Il estime avoir largement gagné face à M. Déby, proclamé chef de l’Etat après la mort de son père en 2021 et élu président le 6 mai dernier au terme d’un scrutin qualifié par des ONG internationales de « ni libre, ni crédible ».
Pour ces premières législatives dans le pays depuis 2015, « on se retrouve avec un camp (le pouvoir, ndlr) face à lui-même », puisque le MPS du président Deby a préféré faire cavalier seul et affronter ses alliés de la coalition Tchad uni qui avaient soutenu son élection, raille-t-il, dénonçant une « mascarade ».
Succès Masra dénonce aussi le nouveau découpage électoral décidé mi-août, qui consiste selon lui à « réduire le poids électoral des provinces les plus peuplées pour favoriser les moins peuplées ».
Le chef des Tranformateurs aurait d’ailleurs voulu un report des législatives en 2025 pour permettre aux quelque deux millions de personnes affectées par les inondations qui ont fait 576 morts dans le pays depuis juillet de « voter dans de bonnes conditions ».
De passage à Paris, il a rencontré des conseillers du président Emmanuel Macron pour leur faire « passer un message »: « L’attitude de la France constitue un frein dans notre processus démocratique ».

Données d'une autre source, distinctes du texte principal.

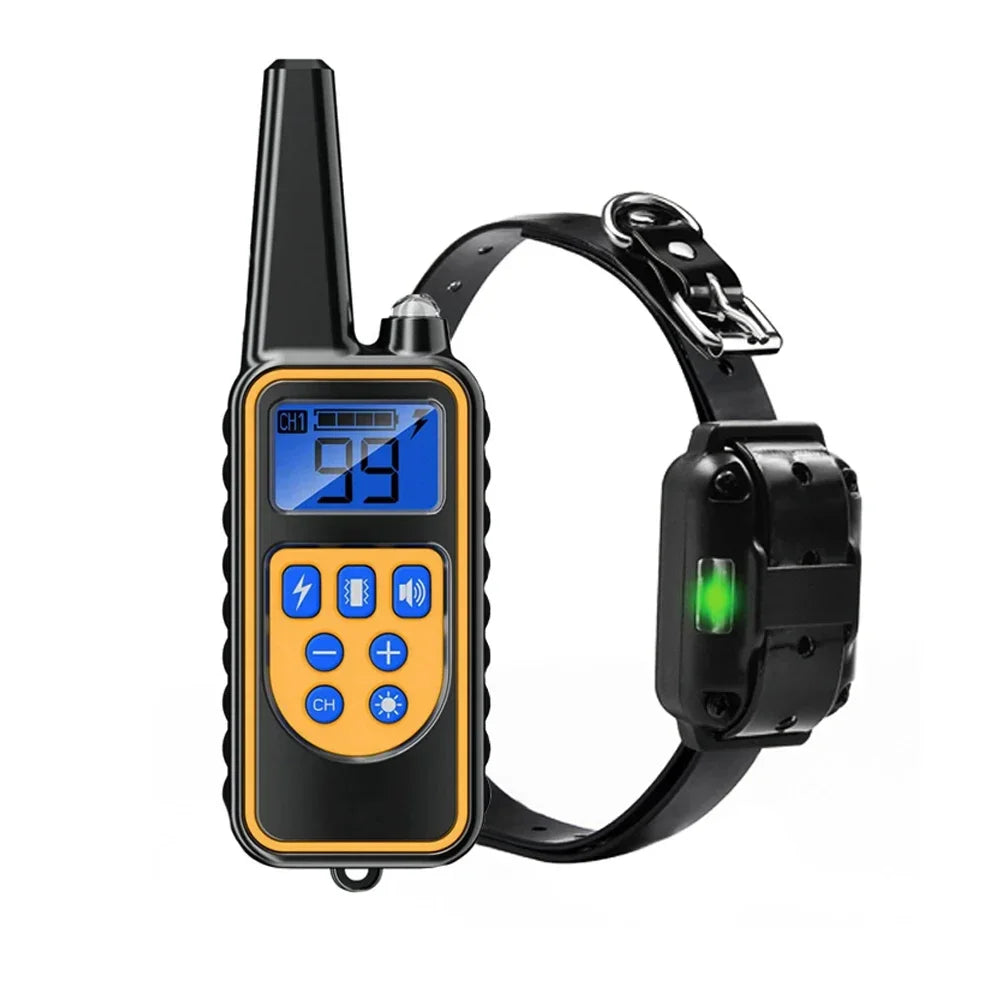 A black remote dog training collar with an LCD display and a black strap is shown.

En cause, l’empressement de Paris à féliciter le fils Déby après l’annonce de sa victoire en mai « sans aucune preuve, et alors qu’on n’a jamais reçu les fichiers des résultats ni les copies des PV ».
– Le piège de l' »homme fort » –
« Le minimum aurait été de rester neutre, mais la France a clairement choisi une famille (les Déby) au détriment du peuple tchadien qui voulait le changement », poursuit M. Masra.

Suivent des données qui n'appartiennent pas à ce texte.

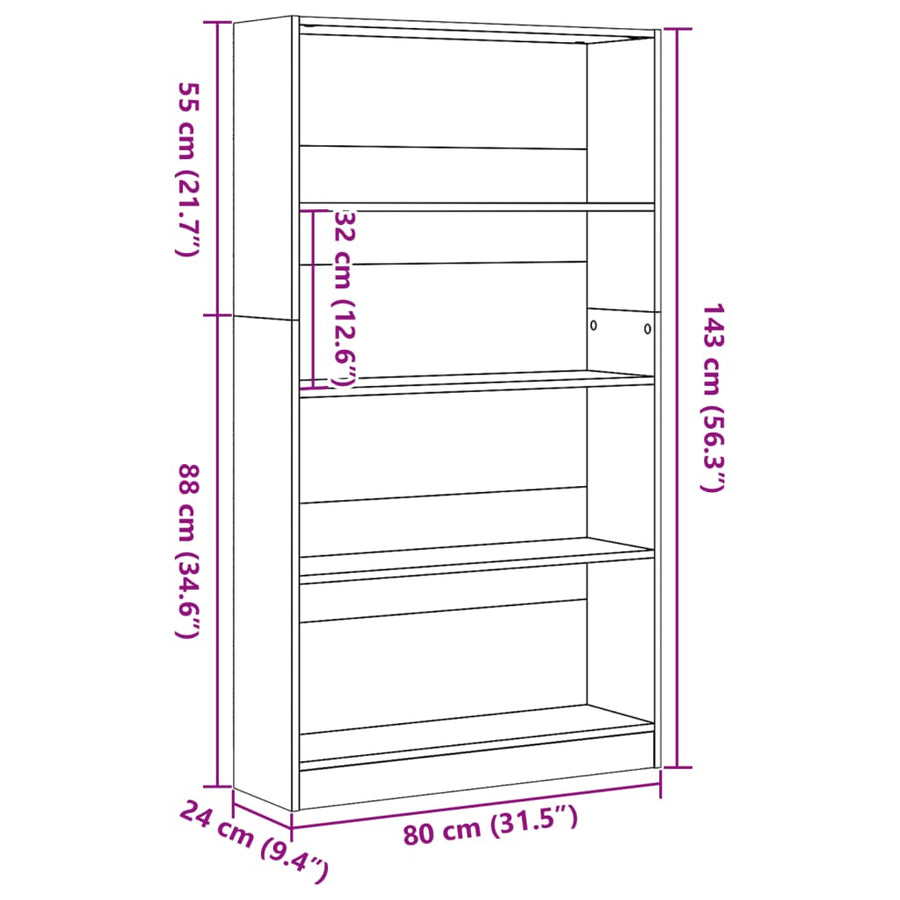 Boekenkast 80x24x143 cm bewerkt hout grijs sonoma eikenkleurig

Par le passé, les autorités françaises ont souvent été critiquées pour leur soutien sans faille au Maréchal Idriss Déby Itno qui a dirigé le Tchad d’une main de fer pendant plus de 30 ans, avant d’être tué par des rebelles en se rendant au front.

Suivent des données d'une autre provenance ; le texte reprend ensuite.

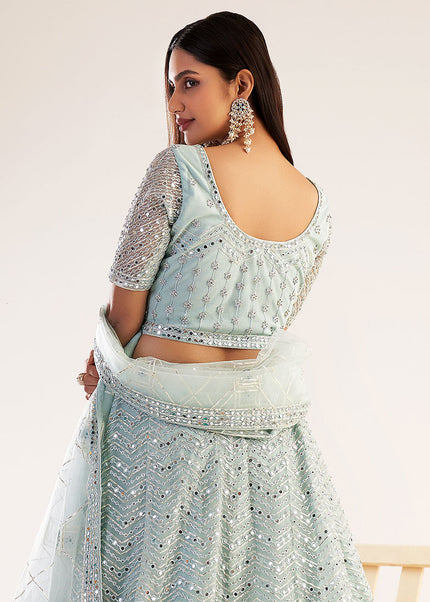 Pastel Blue Mirror Embroidered Lehenga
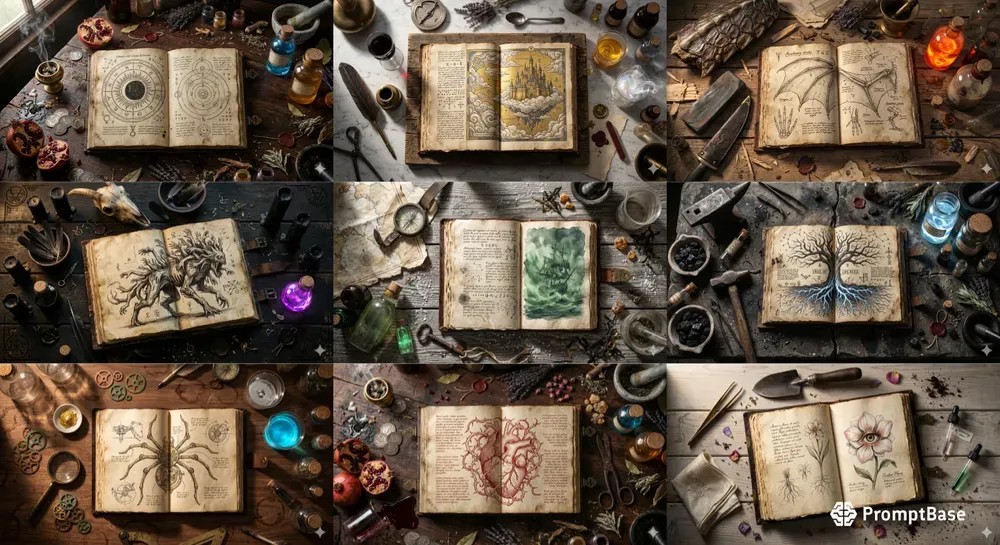 The Alchemists Grimoire Flatlays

Emmanuel Macron avait alors aussitôt adoubé « Kaka », comme les Tchadiens surnomment son fils désigné par une junte pour lui succéder. Il a récemment « rappelé l’importance pour la France du partenariat privilégié qu’elle entretient avec le Tchad ».
Le ministre des Affaires étrangères français Jean-Noël Barrot se rend d’ailleurs le 27 novembre à N’Djamena, dernier ancrage militaire de la France au Sahel, où Paris entretient encore plusieurs centaines de soldats et trois bases militaires.
Pour Succès Masra, « c’est une grosse erreur que de privilégier la soi-disant stabilité politique et institutionnelle en aidant l’+homme fort+ à se maintenir au pouvoir » et en faisant fi de la répression sanglante et répétée qui vise l’opposition et les militants des droits humains depuis trois ans.
Cela montre selon lui la « faiblesse » des Français, « prêts à tout » pour rester dans les bonnes grâces du régime tchadien courtisé par d’autres puissances.
N’Djamena a récemment renforcé sa coopération avec la Russie, notamment pour les achats d’équipements militaires, et s’est rapproché des Emirats arabes unis, qui lui ont octroyé un prêt de 500 millions de dollars – une « rétribution déguisée » selon les détracteurs du régime, pour faciliter des livraisons d’armes aux paramilitaires des Forces de soutien rapide (FSR) dans la guerre contre l’armée du général Abdel Fattah al-Burhane au Soudan voisin.
« Avec cette logique, c’est le plus armé qui gagne. Sauf que ça ne résout rien si ces dirigeants n’ont pas de légitimité démocratique et sont contestés jusque dans leurs propres rangs », affirme M. Masra, pointant les divisions au sein même du clan présidentiel, et la menace des multiples groupes rebelles qui sévissent dans le pays.
« C’est même dangereux, regardez où cela a conduit le Soudan, d’avoir des +hommes forts+: à la fin tout le monde se tape dessus, le pays se délite, il n’y aura pas de gagnant ».